Write out the line that holds "SECO 1 1/2 Shank" together with every line that follows it to the end of the material below, exactly. Omit the pictures.

• [Data excerpt]
--- START ---

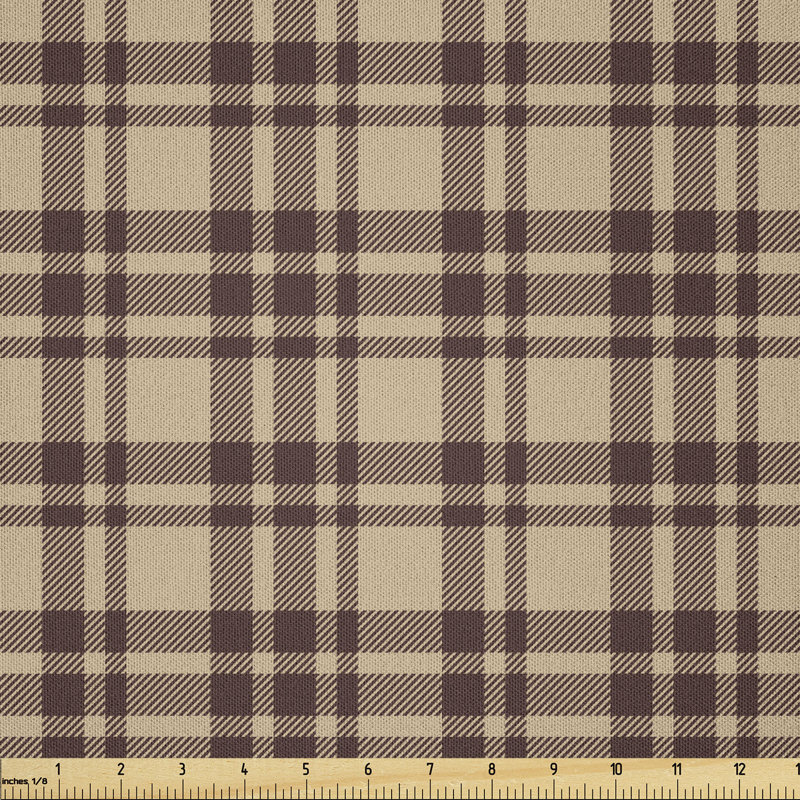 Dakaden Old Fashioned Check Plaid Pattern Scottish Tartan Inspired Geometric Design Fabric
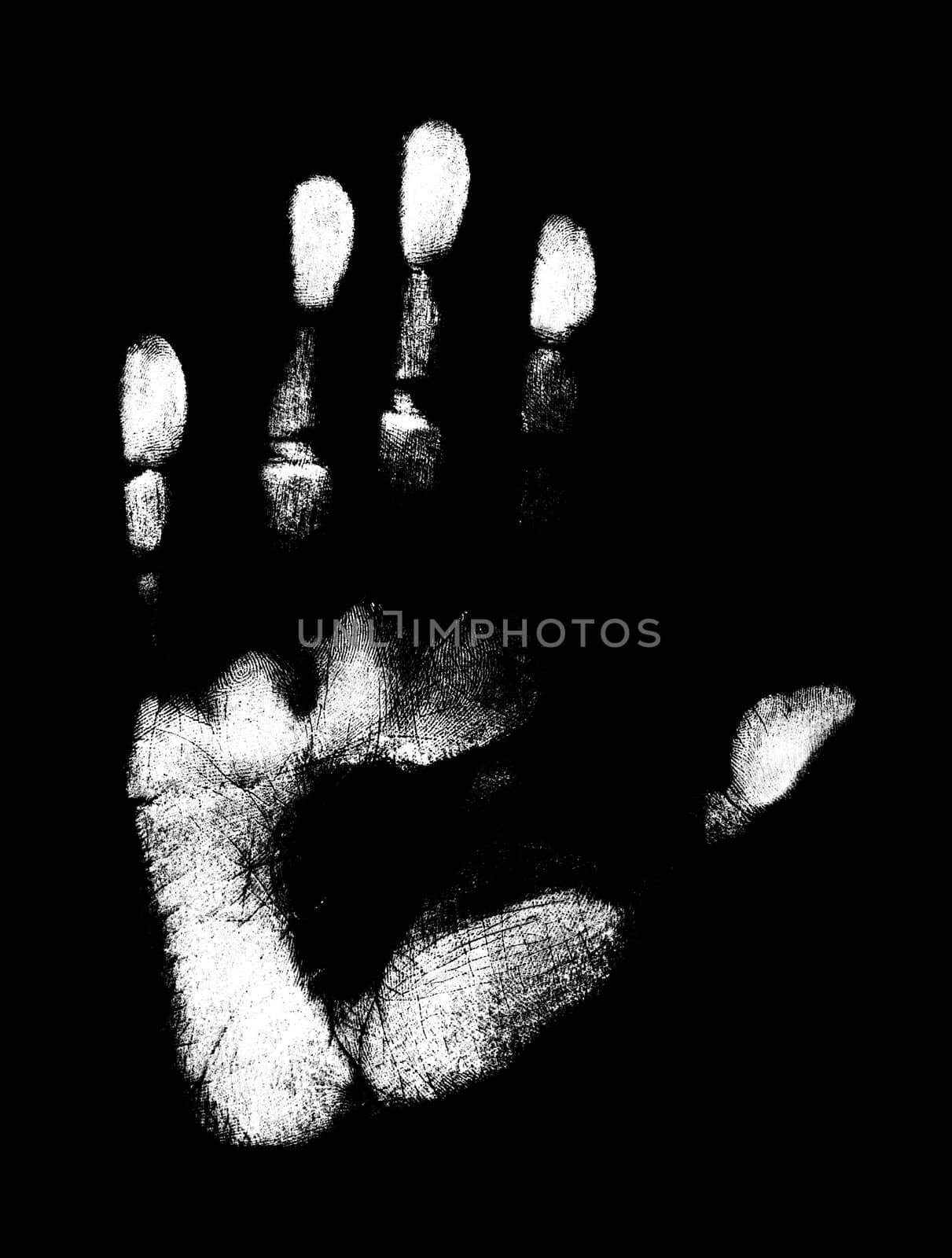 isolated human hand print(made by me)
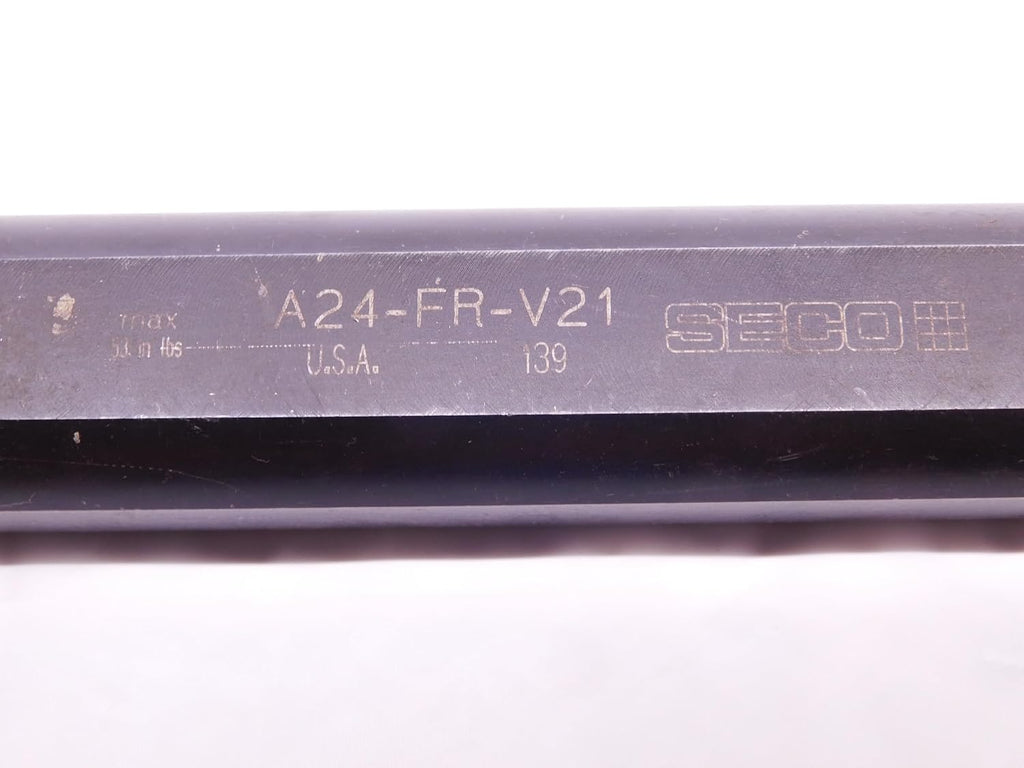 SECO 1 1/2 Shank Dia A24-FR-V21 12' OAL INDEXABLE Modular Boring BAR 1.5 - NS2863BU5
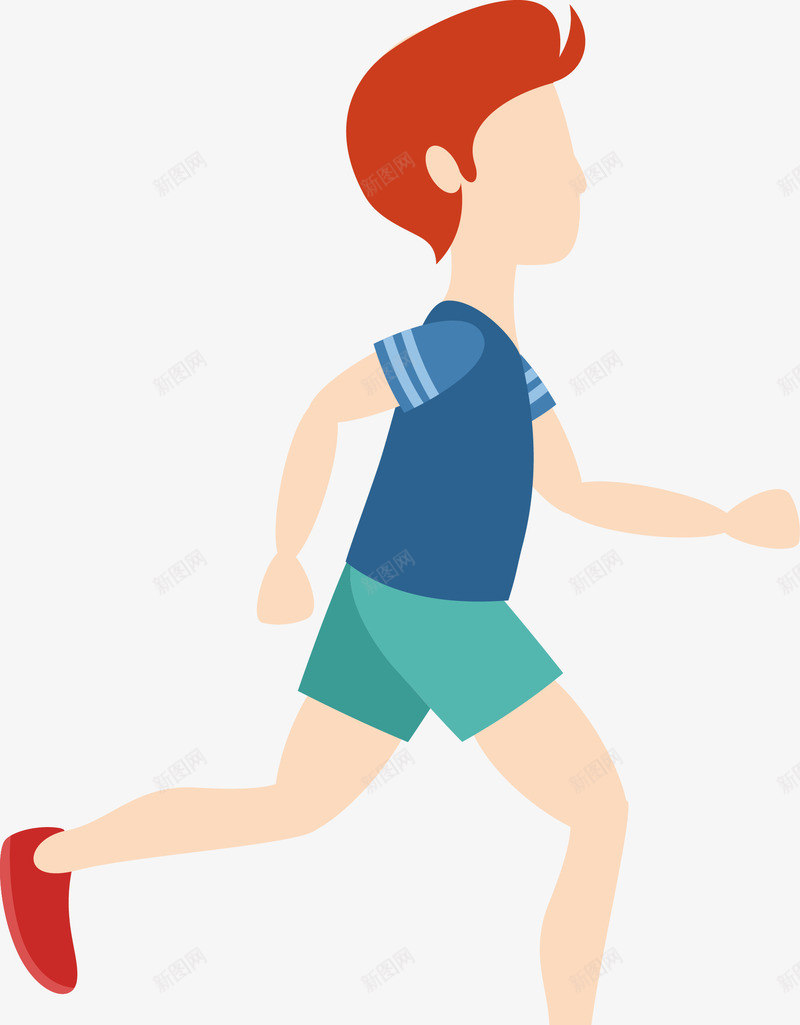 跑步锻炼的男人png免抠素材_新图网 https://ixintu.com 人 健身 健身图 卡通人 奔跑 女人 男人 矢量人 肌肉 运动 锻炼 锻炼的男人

--- END ---

• [Response to the exercise]
 SECO 1 1/2 Shank Dia A24-FR-V21 12' OAL INDEXABLE Modular Boring BAR 1.5 - NS2863BU5
 跑步锻炼的男人png免抠素材_新图网 https://ixintu.com 人 健身 健身图 卡通人 奔跑 女人 男人 矢量人 肌肉 运动 锻炼 锻炼的男人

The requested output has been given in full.